You seem to have made a leap in reading my note that I did not intend.
At least in the model I was attempting to describe, the stack ID is NOT used by the routing system for reachability, and not normally used by the packet forwarding system for forwarding.

(If one has a design in which the stack ID appears in eveyr packet, and if one has other constraints that lead one to want to, one might choose to do last hope resolution using the stack ID instead of the locator. But that is, usually, a detail that can be worked out. It does affect what locators need to name.)

Yours,
Joel


Dae Young KIM wrote:
On Fri, Dec 4, 2009 at 1:57 AM, Joel M. Halpern <[email protected] <mailto:[email protected]>> wrote:

    As for what I want to identify, I tend to think that the identifier
    should correspond not to the physical node, but to the logical stack
    construct.  A logical set of protocol machinery, stacked from the
    network layer up.  A physical machine may have multiple of these.
     And in some cases, a single one of these may be operating across
    physical boundaries, if the coupling works right.


This is a model I could understand. In old terms, which many of this community might not like, this 'logical stack' id is once used to be call 'node address'. And this exactly 'node address' is used to identify that logical stack construct (from network layer up through transport up to the app layer) AND, what is more important, is also used for 'routing'. Stating again, one id, called 'node address' is used both for identifying a node AND routing.

So, in this model, there's no two separate things like ID and Locator.

Whereas... the 'physical address', or in Internet terms 'PoA address', is in fact the Layer 2 address, or MAC address.

So, you

       - identify a (logical and physical) node by a 'node address'
       - do you L3 routing based on this 'node address'
- in passing through sub-network or L2 network, you map this 'node address' to 'L2 or MAC' address.

The flaw that the Internet had was to regard the IP address as the PoA address. No. IP address should be the 'node address'. That is, if you have to choose one of the two roles that IP address was thought to assume, i.e. ID and Locator, it should be the 'ID' part we have to preserve. The name 'ID', though, is not the correct one, since in this (new but in fact old) model, this 'ID' is also used as L2 routing. Therefore, the correct name should be 'node address'.

Then what to do with the PoA part of IP address we gave up above? That PoA part will exactly be the role of sub-network or L2 (or MAC) address.

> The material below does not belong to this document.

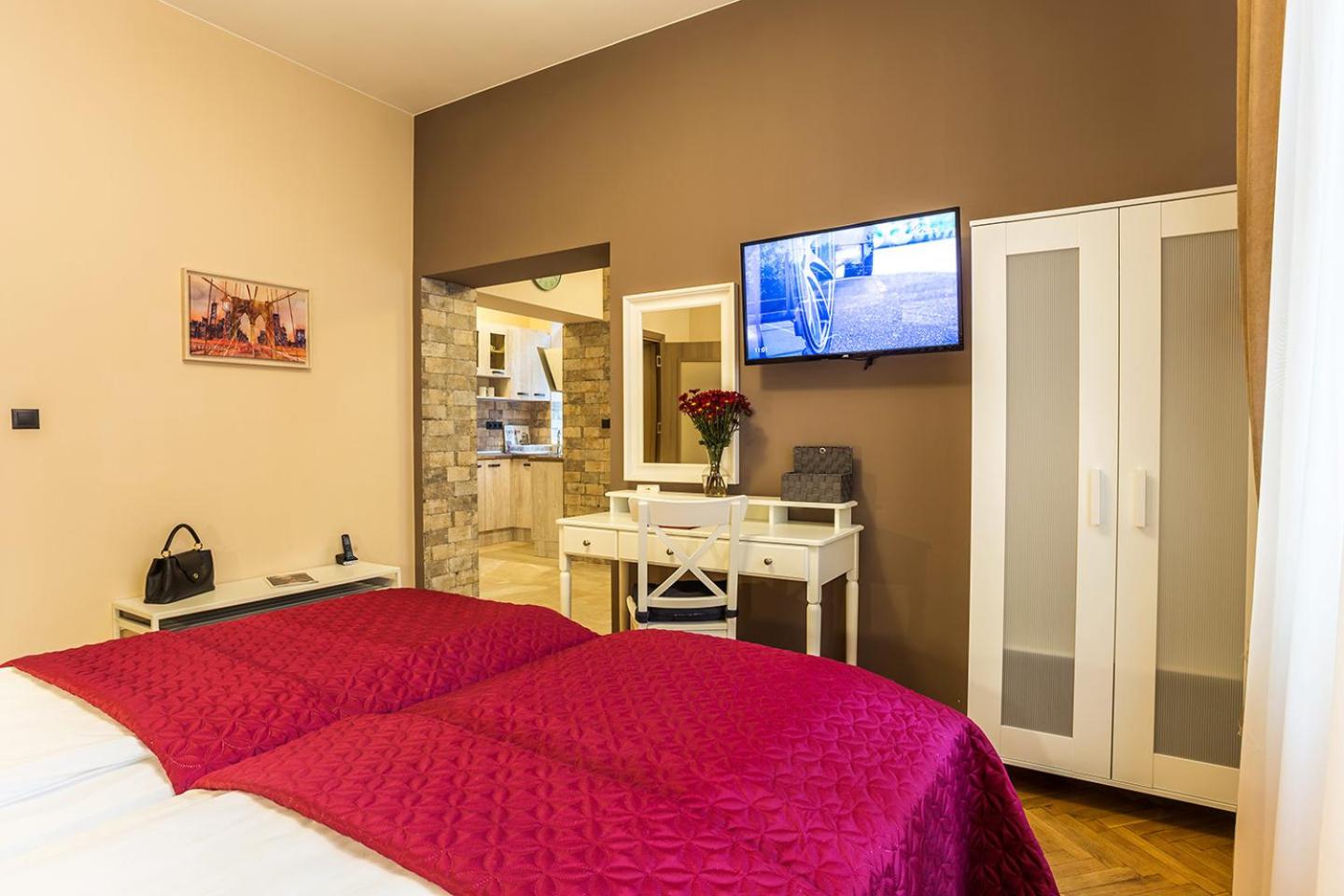 One-Bedroom Apartment - Photo 9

So, to me, IP address is fine as it is now, only that I use IP address as pure L3 'node address'. Or put it more correctly, 'sub-network independent internetworking' node address.

Whereas the physical address you mentioned is to me, either

     - subnetwork address or
     - L2 address or
     - MAC address

depending on what underlying service is available to my 'internetworking' sublayer.

The whole confusion of the Internet has ever started to define IP address as PoA address. No, it should be 'node address'. And there's no such thing as PoA address, but subnetwork or L2 address.

I don't propose to throw away IP address. Rather keep it but use it only in the context of the 'node address' (which term this community has associated with ID).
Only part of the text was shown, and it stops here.